Gratian made himself unpopular with his army by favouring certain barbarian recruits, and Maximus in Britain is also said to have resented not being more highly promoted. Pacatus guardedly remarks that he ‘boasted of his kinship’ with the emperor Theodosius and claimed his tacit support (Pacatus, 24.1 and 43.6). Indeed, since Theodosius's father had been executed in the names of Gratian and his infant brother, Valentinian II (although others gave the actual order), and since Theodosius not only recognized Maximus as co-emperor but after his execution protected Maximus's mother and daughter, this suspicion, even if untrue, was not unfounded. Maximus later claimed, like most usurpers, to have been forced into usurpation by the army; the soldiers may have thought he would be a worthier successor of Gratian's father, Valentinian I (r. 364–75), as indeed did Maximus himself, since he struck coins which imitated Valentinian's obverse portrait and reverse types and in his negotiations with Valentinian's younger son, Valentinian II, asserted a father's authority.
Emperor in the west
After being proclaimed emperor in Britain in spring or early summer 383, Maximus invaded Gaul with an army. Gratian was still at Verona on 16 June 383, but later that summer confronted Maximus near Paris. However, when after skirmishes his soldiers began to desert him for Maximus, and even his commander-in-chief Merobaudes changed sides, Gratian fled with a small escort for Italy. Maximus sent his cavalry commander Andragathius in pursuit, by whom Gratian was captured and perfidiously killed at Lyons on 25 August 383. Maximus, who insisted that he had not ordered Gratian's death, was now de facto ruler of Britain, Gaul, and Hispania, and resided at Valentinian I's old capital of Trier. The younger Valentinian (II), aged only twelve, nominally ruled Italy, the Balkan province of Illyricum, and Africa (roughly modern Tunisia) from Milan, and in their first negotiations Maximus insisted to his envoy Ambrose, the sainted bishop of Milan, that Valentinian should come to him ‘like a son to his father’ (Ambrose, letter 24.7). Ambrose eluded this demand, but after further negotiation the court at Milan grudgingly recognized Maximus's authority beyond the Alps.

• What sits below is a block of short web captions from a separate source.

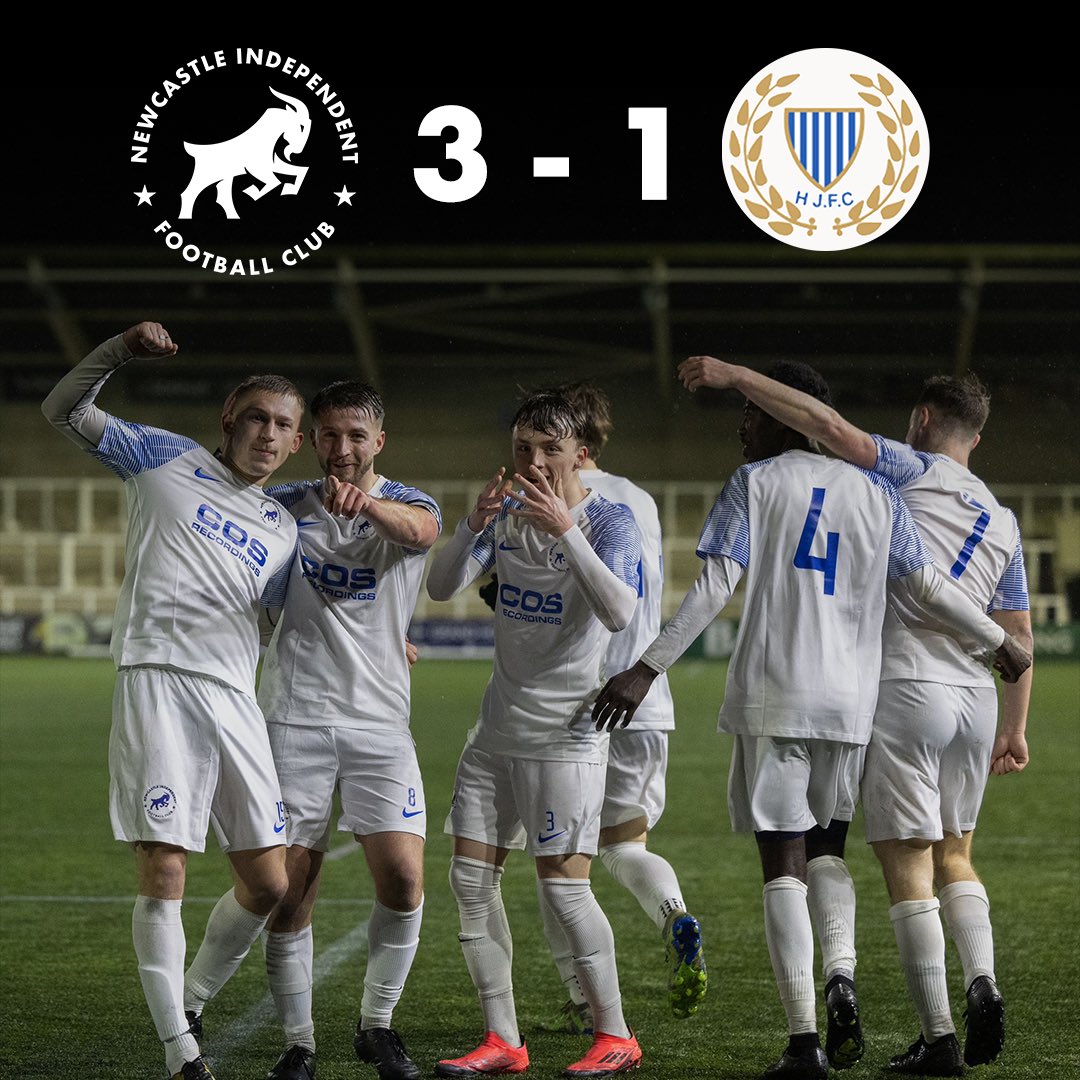 Apologies for the delay, admin on DND
FULL TIME : NIFC 3-1 Haltwhistle 

⚽️ Nick Green
⚽️ Rob Ene
⚽️ Sam Mac

⭐️ Nick Green 

And, some serious catching up to do tomorrow.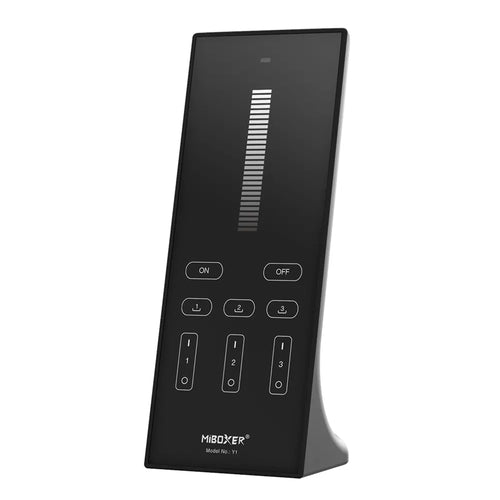 Vertical Remote Control - Single Color - 3 Zones - RF 2.4Ghz - Mi Light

The surviving sources are not explicit about the relations between the three emperors, but it can be deduced that Theodosius, who was preoccupied in the east with Goths and Persians, was prepared to recognize Maximus in the west if he left Valentinian alone. There is certainly no evidence that he actually promoted Maximus's rebellion against Gratian. He and Maximus struck a few coins in each other's name, and in 386 Maximus's praetorian prefect Euodius shared the consulship with Theodosius's younger son Honorius; Maximus's portrait was now formally displayed in the eastern empire. In effect, therefore, he was accepted as a member of the imperial college; an inscription from Tripolitania, an African province subject to Valentinian II, honoured all four emperors: Valentinian, Theodosius, his elder son Arcadius, and Maximus (whose name was later deleted). This was only a working arrangement, not a warm collegiality, but it might last while each emperor was preoccupied by his own problems. Thus Maximus is said by Orosius to have been ‘a formidable man, exacting tribute and military service from the most monstrous German tribes by the terror of his name alone’ (Orosius, vii.35.4). Orosius is exaggerating Maximus's strength, to prove that it was only by God's will that he fell, but Maximus himself told Ambrose that there were thousands of barbarians in his service who received rations from him (Ambrose, letter 24.4). There is numismatic evidence that he revisited Britain, perhaps to cope with the invasion of Picts and Scots recorded by the Gallic chronicle of 452 (which, however, implies it was in 383). Gildas alleges that Maximus stripped Britain of its army, administrators, and manpower, but his account has no independent value although it accidentally contains this truth: the usurpation was an important step, though it cannot be quantified, in the reduction of the Roman garrison. Maximus, as the last Roman emperor of Britain according to Gildas, was therefore claimed as their first ancestor by medieval Welsh kings, but this is a ninth-century invention. Historical deductions are invalid, for example that Maximus delegated authority in northern Britain to native chieftains; so too should be regretfully dismissed as fiction the medieval Welsh story of ‘Macsen Wledig’ (King Maxentius), the emperor of Rome who married the princess of Caernarfon.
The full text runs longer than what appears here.